Concrètement, tous ceux qui, dans une heure vont pousser la porte de Pôle Emploi pour s’inscrire au chômage, comme ceux qui se sont inscrits en ligne depuis vendredi relèveront du nouveau régime d’indemnisation. Un régime très différent : dégressivité des allocations pour les cadres au bout de six mois, rallongement de la période de travail exigée pour ouvrir droit à indemnisation, modification et rétrécissement de la base de calcul des indemnités, les changements sont nombreux, et vont tous dans le sens d'un durcissement. 
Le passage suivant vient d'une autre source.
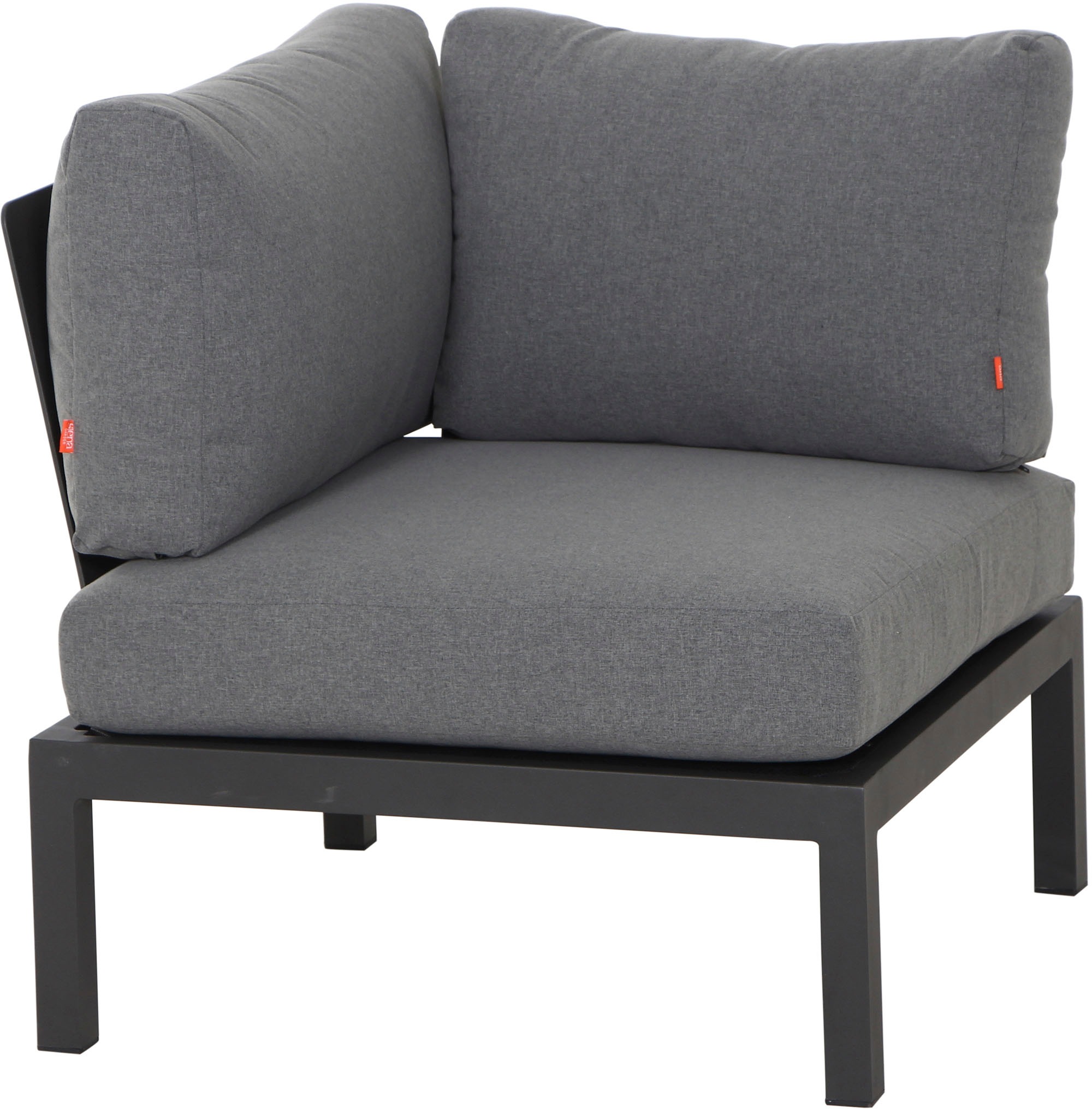Siena Garden Gartenlounge-Set »Alvida«, (Set, 15 tlg.), best. aus 2 Sofas, 1 Ecksofa, 1 Tisch und 12 Kissen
Un durcissement décrié par les syndicats, parfois avec des mots très durs. Quant au patronat, il a rejeté le principe du bonus-malus qui sera parallèlement mis en place pour les contrats courts et les CDD. Ce qui fait qu’au total, les partenaires sociaux se sont fait imposer la réforme. C’est d’ailleurs un tournant dans le modèle social à la française : cette fois, et pour la première fois depuis 60 ans, l’Etat a clairement repris la main sur un système d’assurance-chômage qui vivait déjà sous la tutelle, et parfois même sous la férule du gouvernement.

Un changement de fond considérable

Mais cela ne changera pas grand-chose dans le fonctionnement du régime d'assurance-chômage. Et au moins on évitera les négociations interminables entre partenaires sociaux, lesquels, une fois un accord signé, se faisaient très souvent contredire ou corriger par le gouvernement. Mais attention, si le fonctionnement réel de l’assurance-chômage n’est pas bouleversé, la réforme correspond en revanche à un changement de fond considérable. Le durcissement des allocations-chômage représente en effet un choix politique très clair : rendre moins généreux le revenu de remplacement d’un chômeur pour l’inciter à reprendre plus vite un emploi.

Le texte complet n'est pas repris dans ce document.